Limitations & Future Work¶
- Verification is currently performed post-generation; extending it to "dynamic self-verification during generation" is an open research direction.
- Verification capability still lags behind generation: models sometimes produce safe answers but fail to verify them correctly.
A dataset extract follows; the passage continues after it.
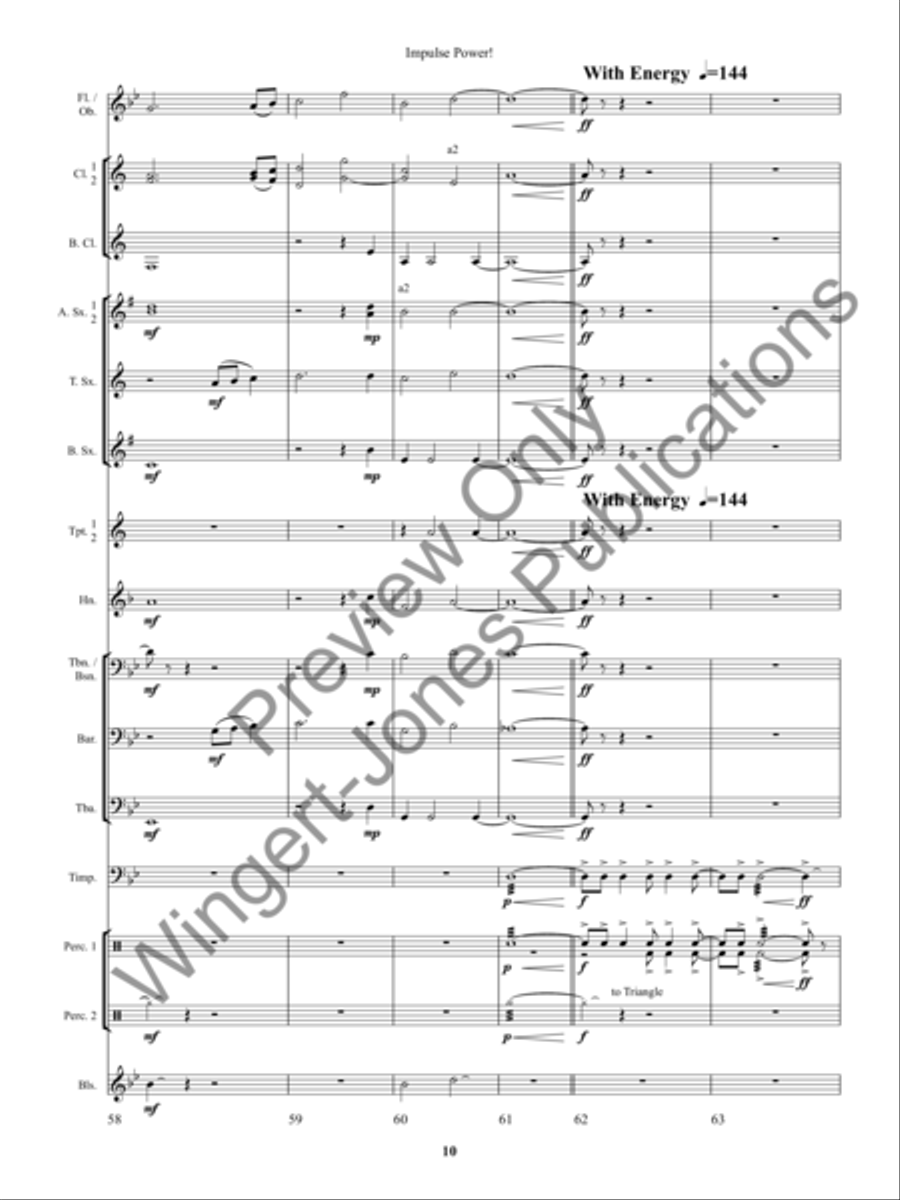 Impulse Power! Concert Band scores gallery preview page 14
- Reliance on Claude-4-Sonnet as the expert generator for critique may amplify the expert's inherent biases during distillation.
- Experiments focused on the DeepSeek-R1-Distill series; validation on closed-source LRMs like o1 or Claude Thinking is pending.
- HCoT still achieves 62% ASR against 14B+GRPO, indicating total defense remains a challenge.
Related Work & Insights¶
- vs. SafeChain (Jiang et al. 2025): SafeChain distills long CoT safety reasoning but remains answer-centric. Ours proves that training only on verification generalizes better (Fortress ASR 19.2 vs. 48.2).
- vs. STAR-1 (Wang et al. 2025): STAR-1 uses deliberate reasoning over safety specs but aims to generate safe answers directly. Ours flips this to a verification objective for higher stability.
- vs. Llama Guard / Qwen3-Guard external guardrails: External guards outsource responsibility, leading to surface-level mimicry by the generator. Ours demonstrates that internalizing the judgment is a more fundamental solution.
Rating¶
- Novelty: ⭐⭐⭐⭐⭐ The flip from generation to verification is a true conceptual shift supported by strong evidence.
- Experimental Thoroughness: ⭐⭐⭐⭐⭐ 3 models \(\times\) 9 benchmarks, plus sampling, component, and spec ablations with data efficiency analysis.
- Writing Quality: ⭐⭐⭐⭐ Clear narrative, though some math blocks (reward function) had minor formatting inconsistencies.
- Value: ⭐⭐⭐⭐⭐ Provides a new paradigm for LRM safety alignment with open-source code for the community.